Content starts
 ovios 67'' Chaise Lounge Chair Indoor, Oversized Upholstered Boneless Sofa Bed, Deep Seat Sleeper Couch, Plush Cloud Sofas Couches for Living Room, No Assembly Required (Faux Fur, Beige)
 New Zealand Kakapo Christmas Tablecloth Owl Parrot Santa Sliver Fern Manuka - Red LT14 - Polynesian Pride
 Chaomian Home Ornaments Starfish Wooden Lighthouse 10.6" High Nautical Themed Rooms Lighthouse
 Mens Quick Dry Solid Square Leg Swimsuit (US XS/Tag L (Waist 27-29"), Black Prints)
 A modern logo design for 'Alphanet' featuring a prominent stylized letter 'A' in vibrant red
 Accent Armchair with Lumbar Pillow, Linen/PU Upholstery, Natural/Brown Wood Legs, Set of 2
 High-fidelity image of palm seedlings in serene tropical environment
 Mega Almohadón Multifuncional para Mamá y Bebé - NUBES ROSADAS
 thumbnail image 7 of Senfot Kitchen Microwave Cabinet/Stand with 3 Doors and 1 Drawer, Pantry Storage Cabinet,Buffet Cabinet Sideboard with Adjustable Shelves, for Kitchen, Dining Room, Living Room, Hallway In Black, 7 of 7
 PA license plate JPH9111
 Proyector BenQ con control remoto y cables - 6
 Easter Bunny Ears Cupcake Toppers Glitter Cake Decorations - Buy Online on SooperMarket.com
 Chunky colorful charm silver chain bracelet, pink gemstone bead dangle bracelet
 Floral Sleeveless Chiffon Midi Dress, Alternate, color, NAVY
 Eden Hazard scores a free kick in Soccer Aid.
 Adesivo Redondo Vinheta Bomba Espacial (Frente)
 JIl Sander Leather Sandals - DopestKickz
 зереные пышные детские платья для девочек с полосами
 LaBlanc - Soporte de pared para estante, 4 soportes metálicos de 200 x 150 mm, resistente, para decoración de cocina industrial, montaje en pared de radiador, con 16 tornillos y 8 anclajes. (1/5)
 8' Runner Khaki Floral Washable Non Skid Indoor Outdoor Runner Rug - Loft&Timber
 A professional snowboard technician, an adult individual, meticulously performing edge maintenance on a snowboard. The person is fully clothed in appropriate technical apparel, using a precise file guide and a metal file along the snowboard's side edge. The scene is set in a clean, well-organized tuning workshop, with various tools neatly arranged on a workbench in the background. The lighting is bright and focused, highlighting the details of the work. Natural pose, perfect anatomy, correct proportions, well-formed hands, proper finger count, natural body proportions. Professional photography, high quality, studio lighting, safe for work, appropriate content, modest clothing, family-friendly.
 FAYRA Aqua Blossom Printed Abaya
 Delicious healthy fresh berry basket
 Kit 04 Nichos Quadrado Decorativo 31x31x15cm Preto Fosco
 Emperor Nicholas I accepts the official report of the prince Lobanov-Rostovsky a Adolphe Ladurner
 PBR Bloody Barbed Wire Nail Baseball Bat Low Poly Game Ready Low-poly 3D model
Content ends
:: Exercise brief ::
All the entries above must be repeated exactly as they were given.

:: Exercise response ::
 ovios 67'' Chaise Lounge Chair Indoor, Oversized Upholstered Boneless Sofa Bed, Deep Seat Sleeper Couch, Plush Cloud Sofas Couches for Living Room, No Assembly Required (Faux Fur, Beige)
 New Zealand Kakapo Christmas Tablecloth Owl Parrot Santa Sliver Fern Manuka - Red LT14 - Polynesian Pride
 Chaomian Home Ornaments Starfish Wooden Lighthouse 10.6" High Nautical Themed Rooms Lighthouse
 Mens Quick Dry Solid Square Leg Swimsuit (US XS/Tag L (Waist 27-29"), Black Prints)
 A modern logo design for 'Alphanet' featuring a prominent stylized letter 'A' in vibrant red
 Accent Armchair with Lumbar Pillow, Linen/PU Upholstery, Natural/Brown Wood Legs, Set of 2
 High-fidelity image of palm seedlings in serene tropical environment
 Mega Almohadón Multifuncional para Mamá y Bebé - NUBES ROSADAS
 thumbnail image 7 of Senfot Kitchen Microwave Cabinet/Stand with 3 Doors and 1 Drawer, Pantry Storage Cabinet,Buffet Cabinet Sideboard with Adjustable Shelves, for Kitchen, Dining Room, Living Room, Hallway In Black, 7 of 7
 PA license plate JPH9111
 Proyector BenQ con control remoto y cables - 6
 Easter Bunny Ears Cupcake Toppers Glitter Cake Decorations - Buy Online on SooperMarket.com
 Chunky colorful charm silver chain bracelet, pink gemstone bead dangle bracelet
 Floral Sleeveless Chiffon Midi Dress, Alternate, color, NAVY
 Eden Hazard scores a free kick in Soccer Aid.
 Adesivo Redondo Vinheta Bomba Espacial (Frente)
 JIl Sander Leather Sandals - DopestKickz
 зереные пышные детские платья для девочек с полосами
 LaBlanc - Soporte de pared para estante, 4 soportes metálicos de 200 x 150 mm, resistente, para decoración de cocina industrial, montaje en pared de radiador, con 16 tornillos y 8 anclajes. (1/5)
 8' Runner Khaki Floral Washable Non Skid Indoor Outdoor Runner Rug - Loft&Timber
 A professional snowboard technician, an adult individual, meticulously performing edge maintenance on a snowboard. The person is fully clothed in appropriate technical apparel, using a precise file guide and a metal file along the snowboard's side edge. The scene is set in a clean, well-organized tuning workshop, with various tools neatly arranged on a workbench in the background. The lighting is bright and focused, highlighting the details of the work. Natural pose, perfect anatomy, correct proportions, well-formed hands, proper finger count, natural body proportions. Professional photography, high quality, studio lighting, safe for work, appropriate content, modest clothing, family-friendly.
 FAYRA Aqua Blossom Printed Abaya
 Delicious healthy fresh berry basket
 Kit 04 Nichos Quadrado Decorativo 31x31x15cm Preto Fosco
 Emperor Nicholas I accepts the official report of the prince Lobanov-Rostovsky a Adolphe Ladurner
 PBR Bloody Barbed Wire Nail Baseball Bat Low Poly Game Ready Low-poly 3D model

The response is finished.